1. Majority of the questions are targeted toward the H1N1 vaccines which don't reflect too well if they were to take the seasonal vaccine. 
Since it is given seasonal, a patient may be more likely to opt out of taking it for a year. This is quite different from H1N1 vaccines which last longer and tend to be more dangerous than the seasonal flu. 
2. New generations and events may affect people's willingness to take the vaccines. 
Covid-19 has had an impact on people's perception of vaccines, either good or bad. Along with other factors such as religion, people's opinions will change which can make the model ineffective if not updated for the new population. 

## Recommendations
1. Given time, I would recommend exploring different classification models and different combinations of parameters to improve the model. <br>
Ideally, an 80% would be preferred but not as needed since a medical center should have a range of vaccines supply to take into account situations such as new patients. 
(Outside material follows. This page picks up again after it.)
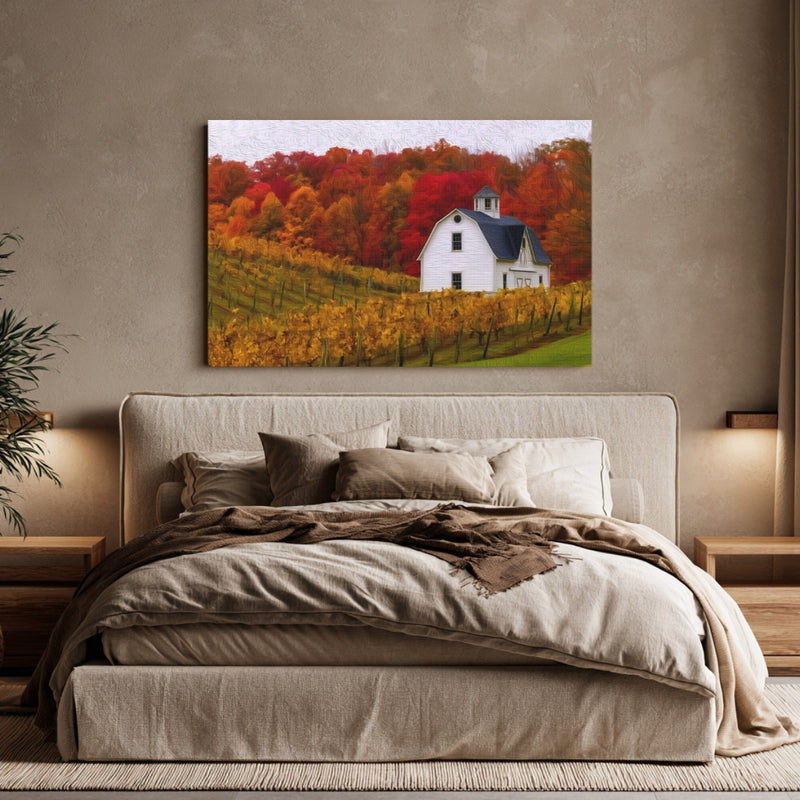 Autumn Vineyard Barn Scene — Niagara-on-the-Lake, Ontario, view 6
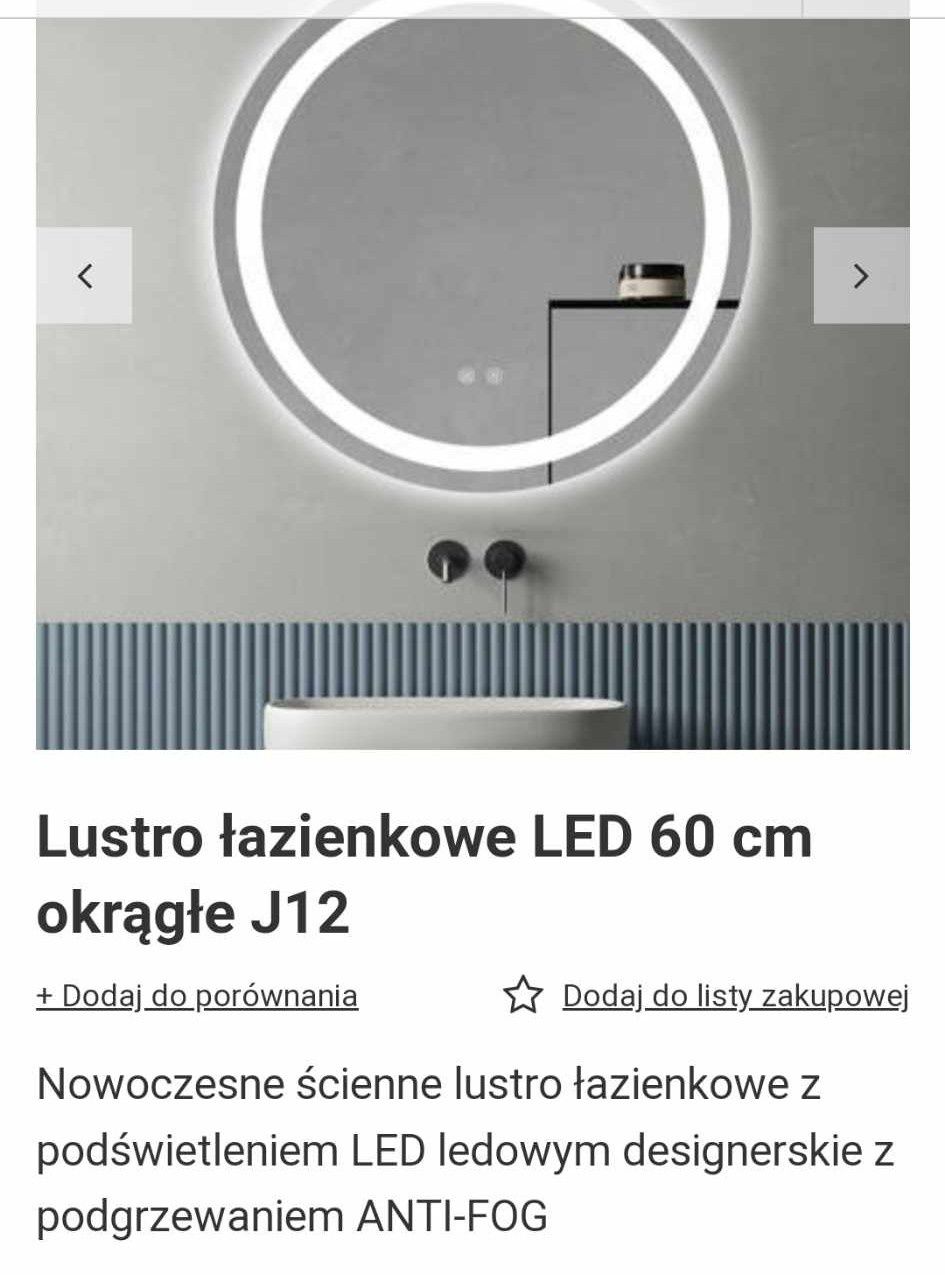 Lustro Okrągłe 60 LED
2. Modified or targeted questions should be added to the survey. <br>
The survey was made asking primarily about the H1N1 virus and could be changed to adapt to the current state of the world such as covid-19.
3. Determine an adequate amount of spare vaccines to allocate from one center to another. <br>
Not all medical centers will have the same results and should be treated regionally to maximize the accuracy of the model.